▶ **Given entries**:
---------------
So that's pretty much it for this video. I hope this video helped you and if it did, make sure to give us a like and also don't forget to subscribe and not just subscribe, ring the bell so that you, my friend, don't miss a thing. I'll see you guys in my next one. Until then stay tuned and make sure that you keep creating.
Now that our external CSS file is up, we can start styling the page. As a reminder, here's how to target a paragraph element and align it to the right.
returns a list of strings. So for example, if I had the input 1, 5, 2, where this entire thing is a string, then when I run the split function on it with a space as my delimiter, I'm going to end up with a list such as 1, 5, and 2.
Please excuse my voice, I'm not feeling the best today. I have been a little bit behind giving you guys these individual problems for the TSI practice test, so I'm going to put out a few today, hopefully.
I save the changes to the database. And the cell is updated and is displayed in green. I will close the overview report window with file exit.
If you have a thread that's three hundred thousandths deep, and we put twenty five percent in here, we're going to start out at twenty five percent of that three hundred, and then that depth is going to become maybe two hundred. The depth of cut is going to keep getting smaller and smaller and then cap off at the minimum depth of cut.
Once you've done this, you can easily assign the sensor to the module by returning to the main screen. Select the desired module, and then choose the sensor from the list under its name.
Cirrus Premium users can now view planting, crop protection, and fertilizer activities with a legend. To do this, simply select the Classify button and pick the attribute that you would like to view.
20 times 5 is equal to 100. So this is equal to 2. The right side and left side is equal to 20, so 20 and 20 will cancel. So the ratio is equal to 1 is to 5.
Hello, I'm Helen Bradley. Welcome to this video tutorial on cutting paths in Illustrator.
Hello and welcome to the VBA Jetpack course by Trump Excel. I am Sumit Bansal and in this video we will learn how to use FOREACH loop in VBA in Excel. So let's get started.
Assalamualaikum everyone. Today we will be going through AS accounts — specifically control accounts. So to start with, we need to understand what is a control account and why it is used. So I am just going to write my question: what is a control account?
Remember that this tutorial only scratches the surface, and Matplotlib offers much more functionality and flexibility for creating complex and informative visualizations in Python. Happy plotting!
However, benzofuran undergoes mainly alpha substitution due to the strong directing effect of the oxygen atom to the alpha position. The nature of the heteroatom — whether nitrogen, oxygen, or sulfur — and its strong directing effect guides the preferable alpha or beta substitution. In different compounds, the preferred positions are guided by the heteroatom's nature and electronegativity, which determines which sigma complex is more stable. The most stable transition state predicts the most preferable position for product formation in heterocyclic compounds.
---------------
Set down an exact copy of the entries above.

So that's pretty much it for this video. I hope this video helped you and if it did, make sure to give us a like and also don't forget to subscribe and not just subscribe, ring the bell so that you, my friend, don't miss a thing. I'll see you guys in my next one. Until then stay tuned and make sure that you keep creating.
Now that our external CSS file is up, we can start styling the page. As a reminder, here's how to target a paragraph element and align it to the right.
returns a list of strings. So for example, if I had the input 1, 5, 2, where this entire thing is a string, then when I run the split function on it with a space as my delimiter, I'm going to end up with a list such as 1, 5, and 2.
Please excuse my voice, I'm not feeling the best today. I have been a little bit behind giving you guys these individual problems for the TSI practice test, so I'm going to put out a few today, hopefully.
I save the changes to the database. And the cell is updated and is displayed in green. I will close the overview report window with file exit.
If you have a thread that's three hundred thousandths deep, and we put twenty five percent in here, we're going to start out at twenty five percent of that three hundred, and then that depth is going to become maybe two hundred. The depth of cut is going to keep getting smaller and smaller and then cap off at the minimum depth of cut.
Once you've done this, you can easily assign the sensor to the module by returning to the main screen. Select the desired module, and then choose the sensor from the list under its name.
Cirrus Premium users can now view planting, crop protection, and fertilizer activities with a legend. To do this, simply select the Classify button and pick the attribute that you would like to view.
20 times 5 is equal to 100. So this is equal to 2. The right side and left side is equal to 20, so 20 and 20 will cancel. So the ratio is equal to 1 is to 5.
Hello, I'm Helen Bradley. Welcome to this video tutorial on cutting paths in Illustrator.
Hello and welcome to the VBA Jetpack course by Trump Excel. I am Sumit Bansal and in this video we will learn how to use FOREACH loop in VBA in Excel. So let's get started.
Assalamualaikum everyone. Today we will be going through AS accounts — specifically control accounts. So to start with, we need to understand what is a control account and why it is used. So I am just going to write my question: what is a control account?
Remember that this tutorial only scratches the surface, and Matplotlib offers much more functionality and flexibility for creating complex and informative visualizations in Python. Happy plotting!
However, benzofuran undergoes mainly alpha substitution due to the strong directing effect of the oxygen atom to the alpha position. The nature of the heteroatom — whether nitrogen, oxygen, or sulfur — and its strong directing effect guides the preferable alpha or beta substitution. In different compounds, the preferred positions are guided by the heteroatom's nature and electronegativity, which determines which sigma complex is more stable. The most stable transition state predicts the most preferable position for product formation in heterocyclic compounds.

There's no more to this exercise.